It’s been 20 years since Mark “Rent Boy” Renton (Ewan McGregor) decided to follow his own iconic monologue and chose life, running out on his fellow heroin junkie friends, the money they would all have made off a drug deal in his not-so-shaky hand. He’s spent the last two decades in Amsterdam – married, working a desk job and replacing helter skelter running from one score to the next with just running on a treadmill. But faced with some personal challenges, he decides to return to his home town in Scotland. And here he finds that the more things change, the more they stay the same.

Brutish Franco (Robert Carlyle) is serving a 20 year jail sentence, Spud’s (Ewen Bremner) spiraling addiction has destroyed his relationship with his ex and their son, and Simon (Johnny Lee Miller) – who has now ditched the moniker of “Sick Boy” – is stuck running the dilapidated pub he inherited from his aunt, while also dabbling in a spot of homemade porn video blackmail with the assistance of his Bulgarian sex-worker partner Veronika (Anjela Nedyalko). The estranged Renton reenters their lives just in time engage with Simon in an absurdly impressive fist fight – which includes everything from splintered pool cues to bar-top lager waterboarding – to work through their bristly personal feelings towards each other.

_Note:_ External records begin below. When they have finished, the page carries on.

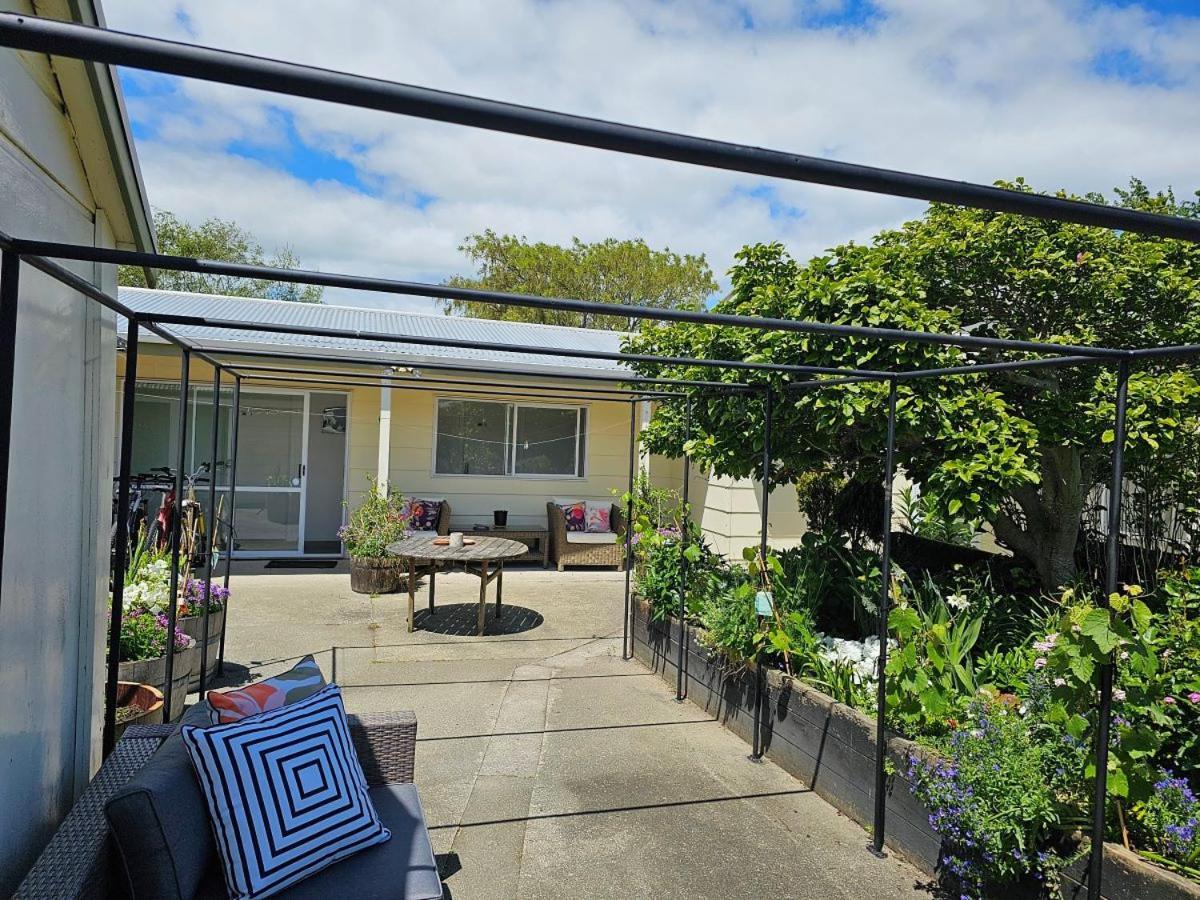 Ferienwohnung Magnolia House Featherston Exterior foto
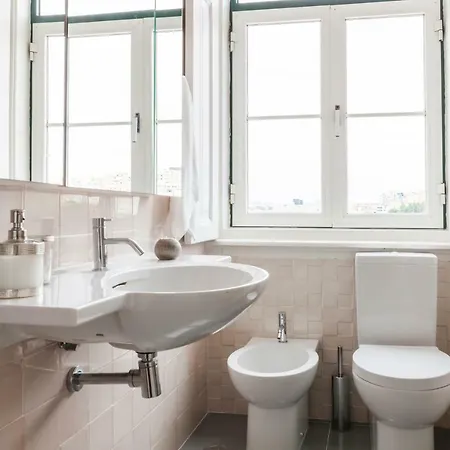 Alfama Castle District Best Views Panoramic Balcony 3 Bedrooms 2 Bathrooms 1st Floor Ac דירה *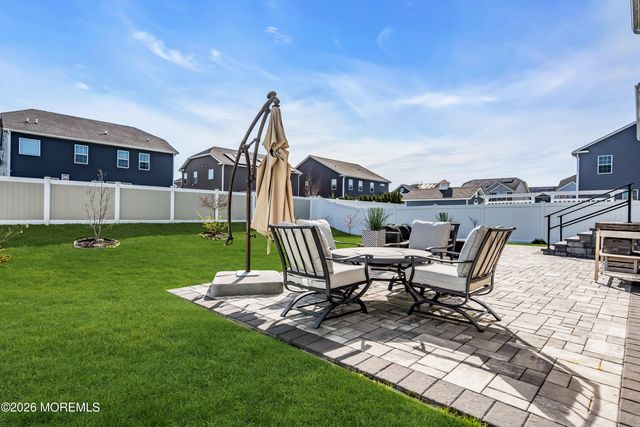 59 Holloway Avenue, Manahawkin, NJ 08050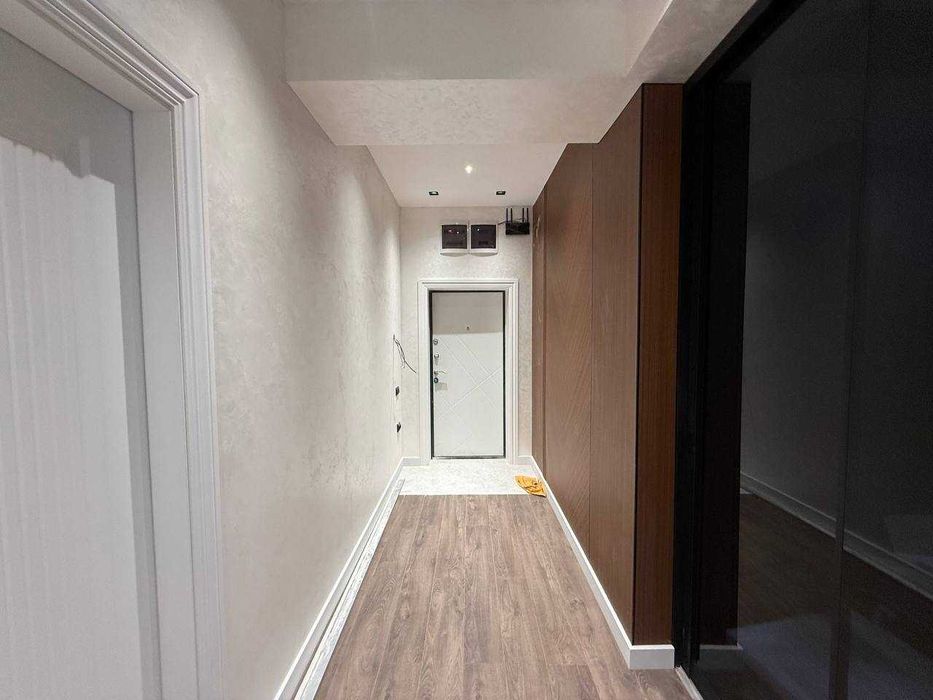 СРОЧНО !! Продаётся квартира в Яшнабаде 2/2/5 ( 57 кв/м ) Баку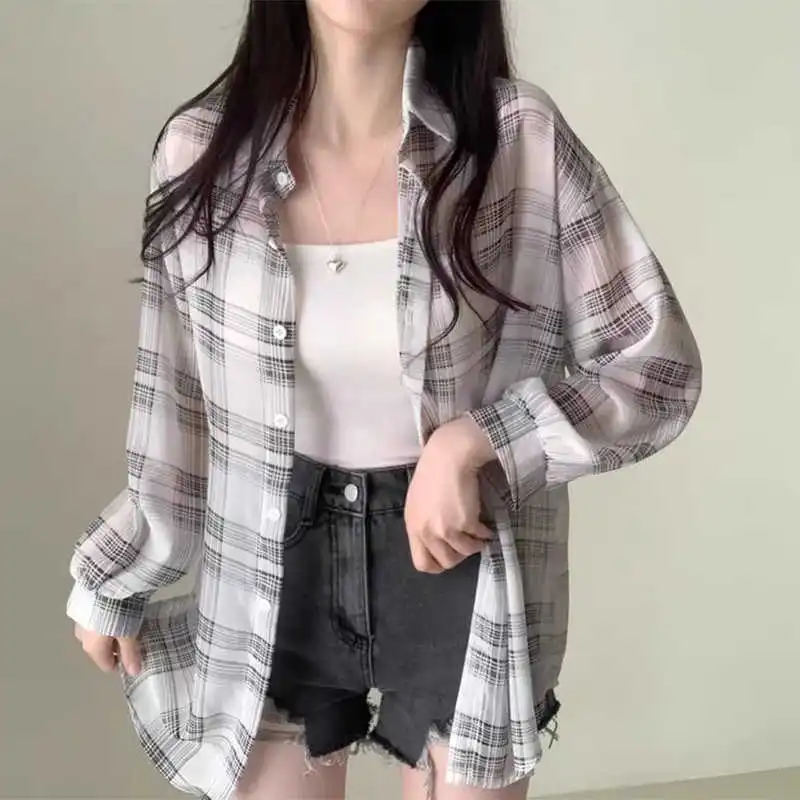 Contrast Color Stripe Chiffon Loose Sun-protection Shirt - White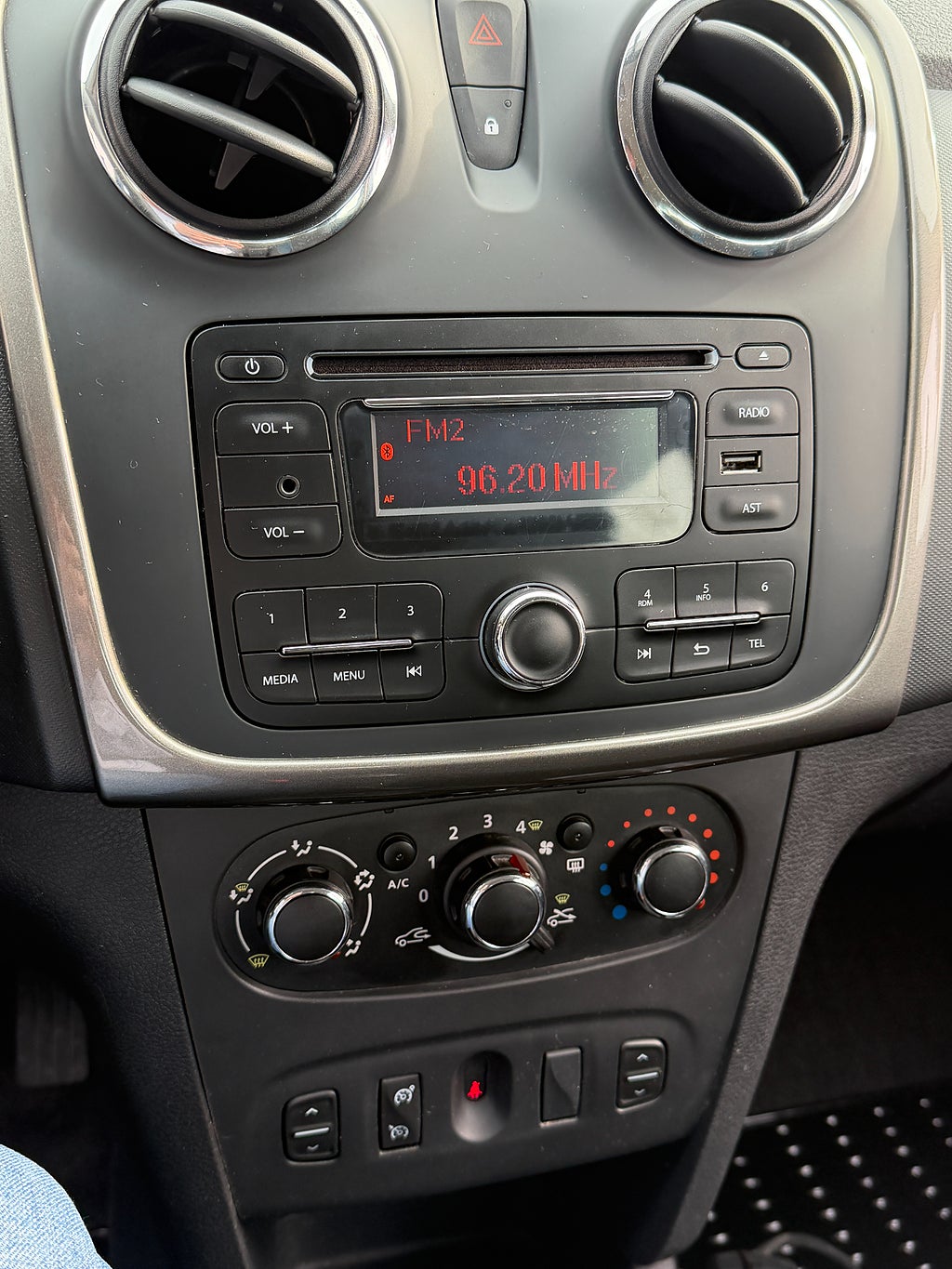 Dacia Logan MCV 0.9 TCe STCC Edition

With the punches behind him, Renton decides to help his old friends by getting Spud clean and joining Simon in one last scheme to escape their lot. And speaking of escape, Franco is on the lam and decides to reconnect with his wife and son, hoping to take the latter on a spot of father-son housebreaking. His volcanic anger at both learning that his son is not a chip off the old criminal block and that his raging masculinity has taken a turn for the impotent, is as nothing though compared to his ever-bubbling desire to get his revenge on Renton for what he did all those years ago. And now for the first time in two decades, they’re both back in the same city again.

Screenwriter John Hodge, dipping back into Irvine Welsh’s original novel as well as its poorly received follow-up Porno, spins up a tale of sex, drugs and rock ‘n roll that is decidedly darker and more mature than those three concepts usually entail. This is no longer the story of gangly punk rock kids trying to salve the reality of their non-futures though blistering beats, techno neon lights and whatever chemicals they can pour into their veins. Instead this is a sombre treatise on the malaise of the middle-aged, swapping out Doc Martens for the grinding boot heel of grown-up disappointment. It would seem that choosing life also came with choosing responsibilities.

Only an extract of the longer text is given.